Obama is lifting the US ban on visitors and immigrants with HIV.
President Barack Obama said Friday the U.S. will overturn a 22-year-old travel and immigration ban against people with HIV early next year. The order will be finalized on Monday, Obama said, completing a process begun during the Bush administration.
Which diseases should be a basis to bar entry to America, either as a visitor or an immigrant? The major ailments on the current list are HIV, tuberculosis, gonorrhea, syphilis, and leprosy. The recent movement has been to remove HIV from the list, on the logic that it’s treatable (although not curable) and not easily transmitted.
On the other hand, there’s certainly a real cost to taxpayers and a real risk to citizens.
Immigration critics say they’re leery of the proposal that could allow an average of 4,275 HIV-infected people into the country annually, with a lifetime medical cost of about $94 million for those admitted during the first year, according to CDC estimates published this month in the Federal Register.
“It becomes a matter of collective responsibility because of the cost,” said Ira Mehlman, a spokesman for the Federation for American Immigration Reform, a nonprofit group based in Washington, D.C. “The American people shouldn’t be in a position where they have to pay for it.”
Others are concerned that HIV-positive visitors and immigrants will spread the disease.
Is it inhuman of me to say that America shouldn’t welcome immigrants who have costly health issues unless they have the means to personally pay for their treatment? This concern has traditionally been one of the principles of our immigration laws, so it’s not as if HIV is being singled out.
With respect to the spread of disease…In theory, we should be able to stop HIV dead in its tracks by simply being careful. The sad reality is it keeps on spreading.
…the annual rate of AIDS diagnoses for boys aged 15 to 19 years has nearly doubled in the past 10 years.
What are we supposed to do about that?
The numbers show that U.S. youth need better sex education, the U.S. Centers for Disease Control and Prevention said.

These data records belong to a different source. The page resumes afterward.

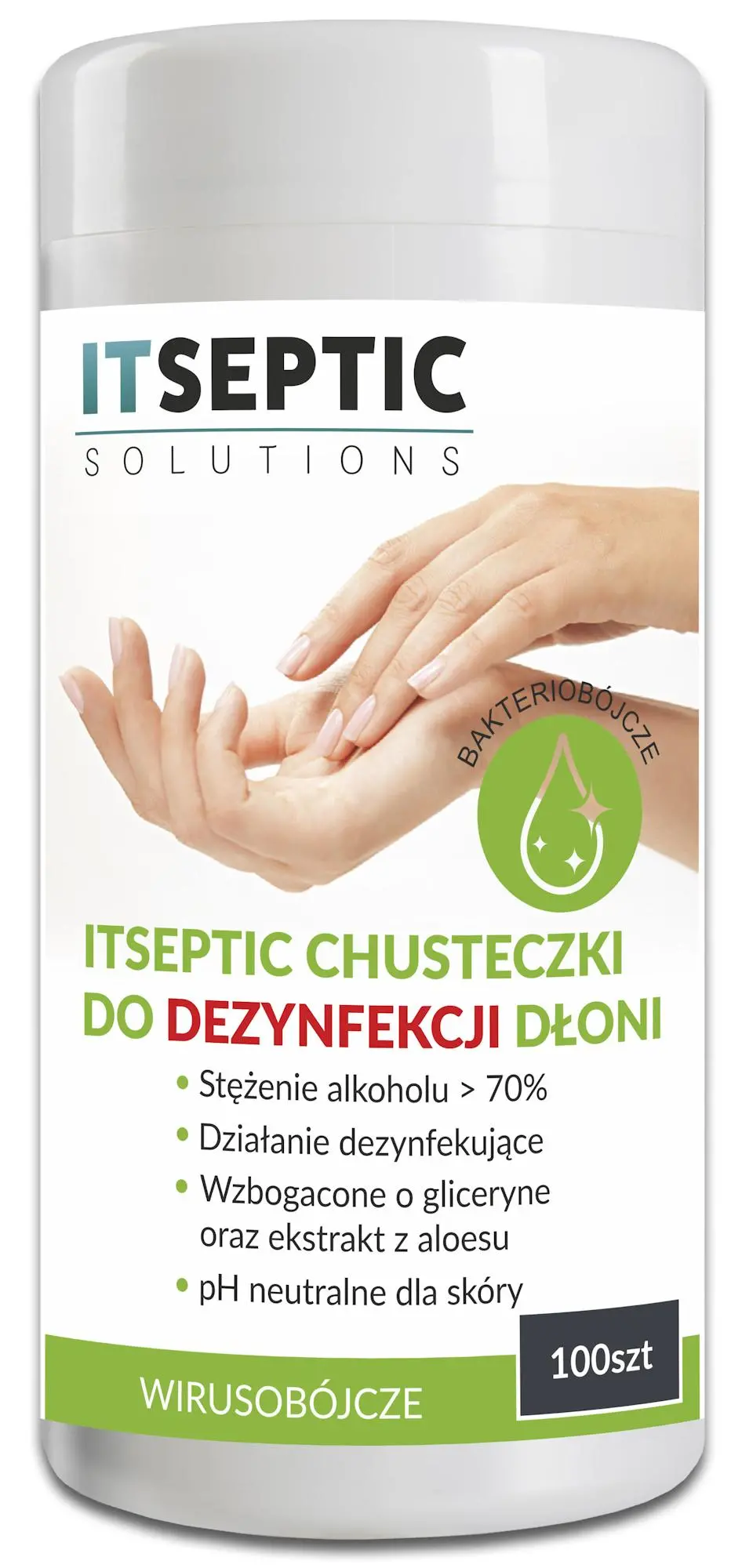 Ściereczki ITSEPTIC chusteczki do dezynfekcji dłoni 100 szt.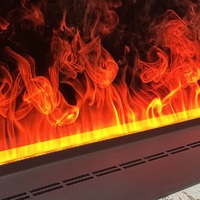 Chimenea Eléctrica de Vapor de Agua con Atomización 3D Decorativa, Humidificador de 700mm, Control Remoto, Color Negro, Llama de Vapor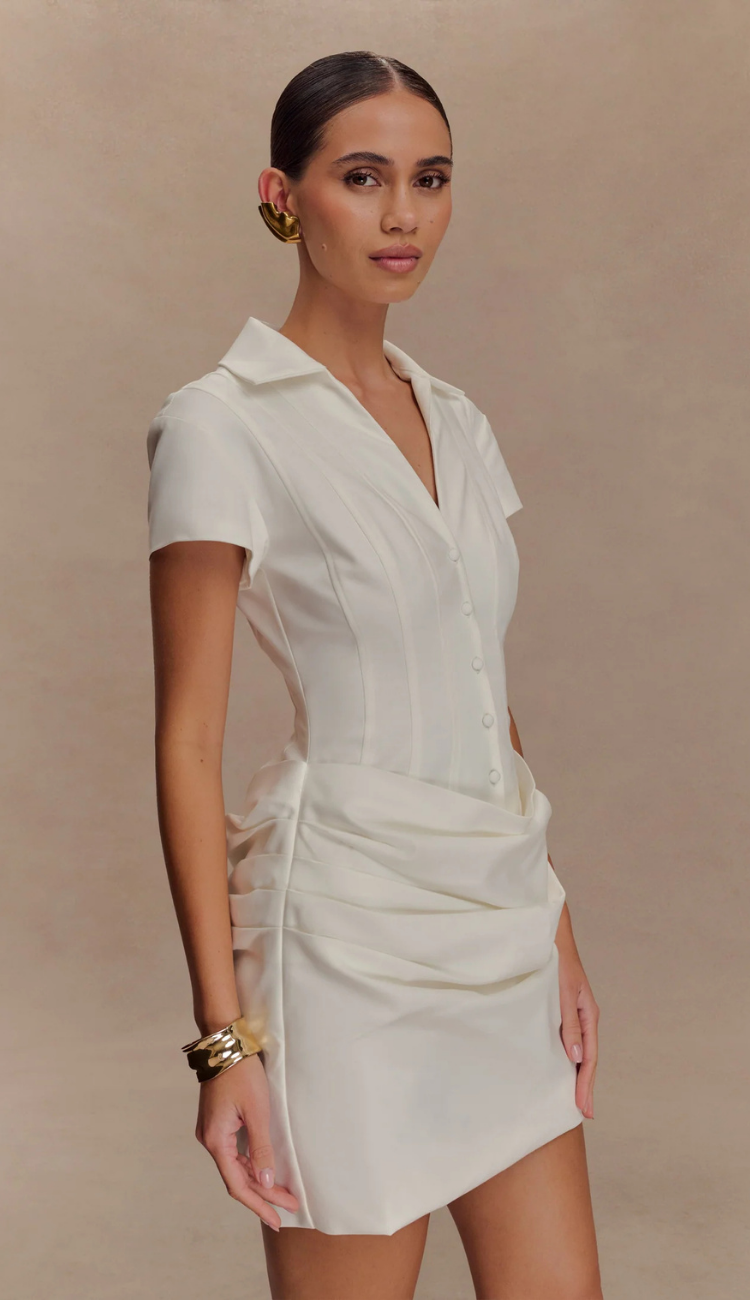 Koh Shirred White Mini Dress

The mantra is that “better education” will solve all our ills. That’s another soothing statement that doesn’t mesh with reality. Is there anyone out there that doesn’t know how you get HIV? How much “education” do you need?

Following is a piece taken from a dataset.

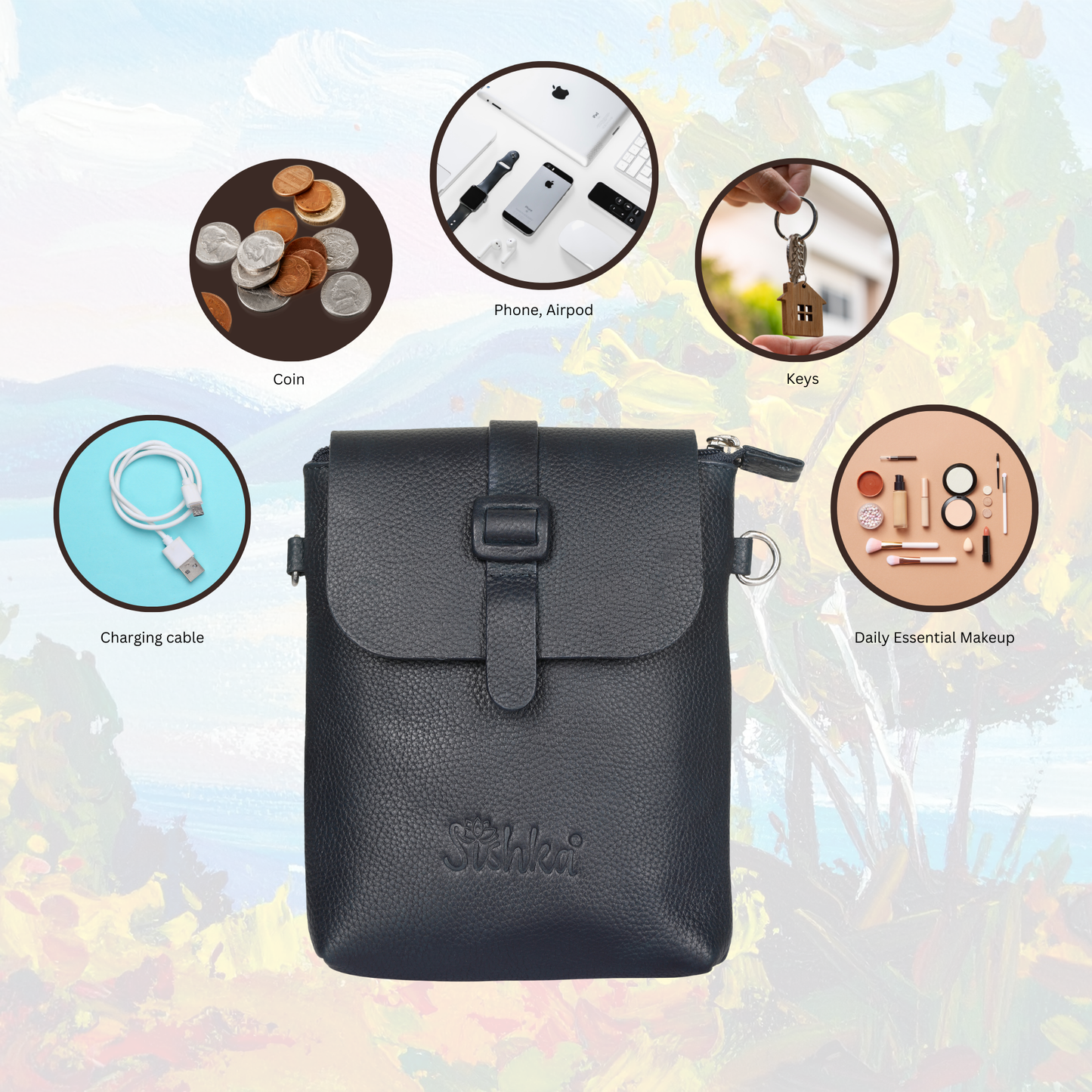 Leather Navy Blue Messenger Bag for Men & Women–Wholesale Small Crossbody Sling Bag for Travel, Work & Daily Use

It’s all well and good to say that, in theory, HIV carriers do not constitute a risk to the population at large. However the numbers tell us that simply isn’t true.
I’m conflicted on how to weigh in on this particular issue. Steering clear of AIDS is largely a matter of personal responsibility. But advocates of lifting the restriction must acknowledge the reality that more carriers result in more infections. It’s fair to question the extent to which public policy should be guided by awareness that people are not responsible and will make poor choices. I usually weigh in on the side of the individual choice. But to the extent that private mistakes become a public burden, I’m entitled to voice my concerns.

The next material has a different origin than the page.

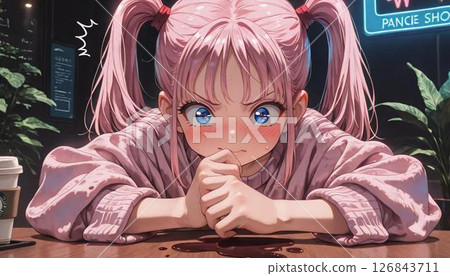 Shocked Anime Girl at Cafe Table with Spilled Drink 126843711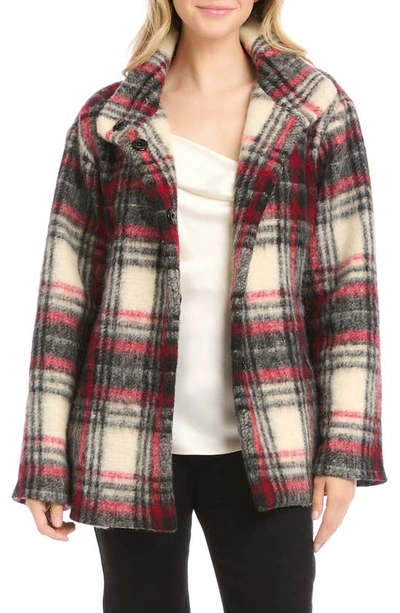 Karen Kane Funnel Neck Plaid Jacket In Multi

A friend of mine is a nurse. I have to regard this an anecdotal, but she told me that the politicization of HIV added a frightening burden to a nurse’s job. When you service patients, you want to know what diseases they’re carrying, so you can be appropriately cautious. My friend told me she wasn’t allowed to know who had HIV, and the doctors were prevented by law from ordering an HIV test without a patient’s consent (although a doctor could order just about any other test). You may wonder why this should be of concern, since HIV isn’t spread unless body fluids are exchanged. But a nurse is constantly dealing with needles, so getting stuck with a needle is a periodic occupational hazard. Therefore, you want to know whether an accidental needle stab is potentially life-threatening. My friend said that when nurses raised the question, they were just told to “always be careful”. This is the sort of rule made by ignoramuses. My friend noted that nowadays, needle accidents left a nurse sick with fear that he or she was a goner.
It’s good politics but bad medicine. My friend got out of that line of nursing. Now there’s one less nurse.
I’m not sure what our national policy should be. But I do know we’ll never get it right when we’re guided by political rather than medical considerations.